Lance McCracken, psychology
The physical health problems that currently affect the highest number of people, that cause the most suffering and that cost the most are what we call “chronic” conditions, such as arthritis, diabetes, heart disease, obesity and respiratory diseases. These chronic conditions often have a significant impact on life. Among those that have the greatest impact are the conditions that give rise to symptoms that are difficult to control and cause anxiety, such as pain.
States of chronic pain are of interest because they are complex and include psychosocial factors. Their actual impact depends largely on how they affect what we think, what we feel and, in particular, what we do. They change how we live our daily lives. They make us take a step back from things we want to do, from those we want to do things with, and they change the way we do things, even who we want to be.
As a psychologist, I study how health problems are not only problems in the body, but also problems that affect, and are affected by, how we confront them. The research I do aims to identify psychosocial processes that give rise to increased suffering and then benefit from knowledge gained in creating psychological treatment that can enhance health and quality of life, especially in individuals with chronic health problems.
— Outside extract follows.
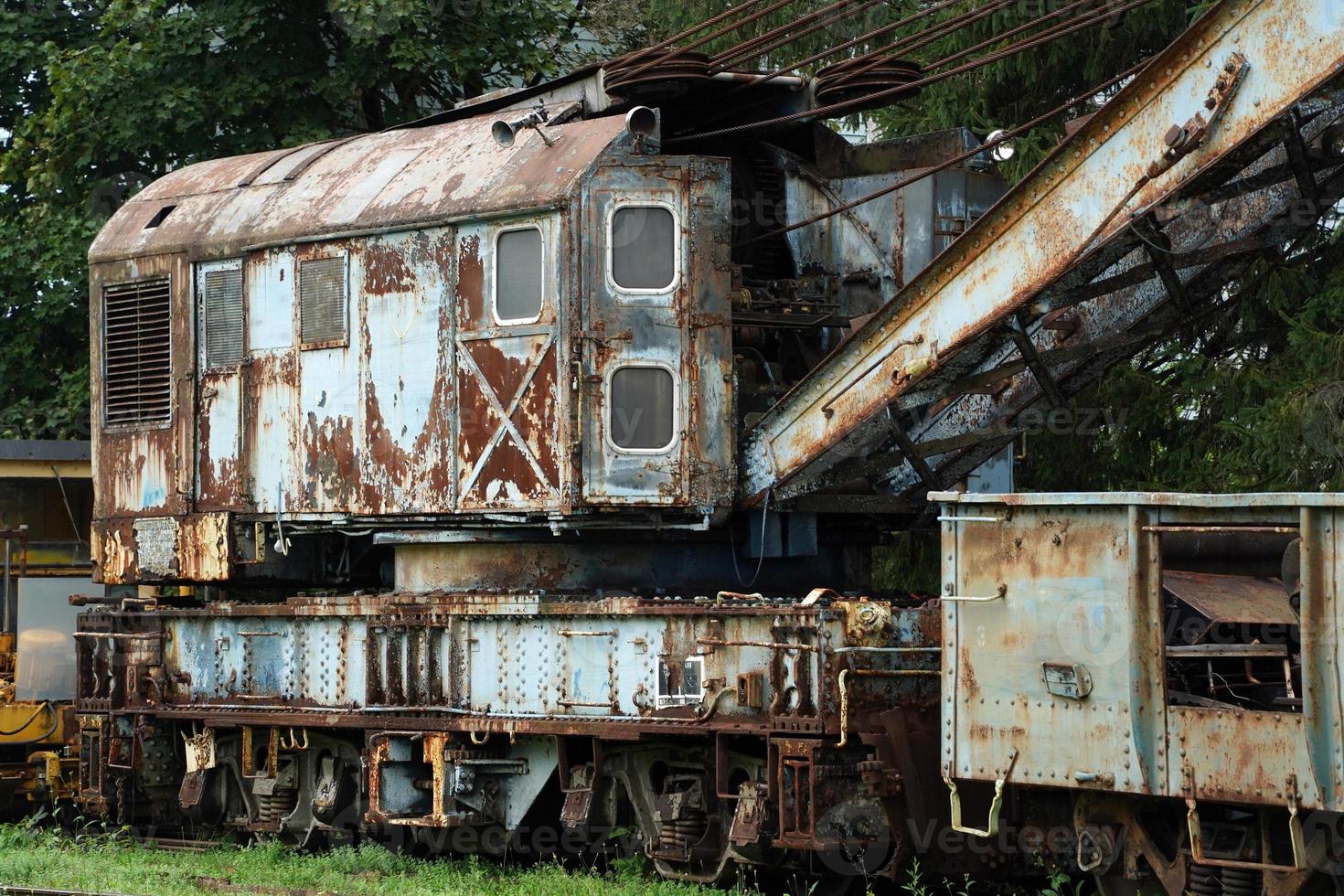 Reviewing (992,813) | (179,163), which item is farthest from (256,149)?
(992,813)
Sofia Näsström, political science
I conduct research on basic ideas concerning politics. As a political theorist, I have focused on how concepts such as the state, people and representation arise, are used and are developed. A recurring theme is democracy. Can a democracy disintegrate? What does it need to be able to reproduce and renew itself? Today we see how central democratic institutions are being challenged by populists and elites and how a new faith in authority has taken root in many countries. This gives us reasons to return to the basic issues of democracy. One issue I have dealt with concerns how to determine who belongs to the “people” in a representative government. Can this be decided in a democratic way? Another issue concerns the increased individualisation of responsibility in welfare. Is this compatible with the idea of political equality? In my latest project I am developing a theoretical framework to evaluate the crisis of democracy. Montesquieu’s classic A Commentary on the Spirit of the Laws shows that different political forms of government require a certain spirit among the population to survive. A republic requires love of country, a monarchy requires striving for fame and distinction and despotism requires fear. The question I ask in my research is what societal spirit modern democracy needs. The question is important because democracy is not created through laws and free elections alone. It is also created on a more everyday basis through education, work and citizenship.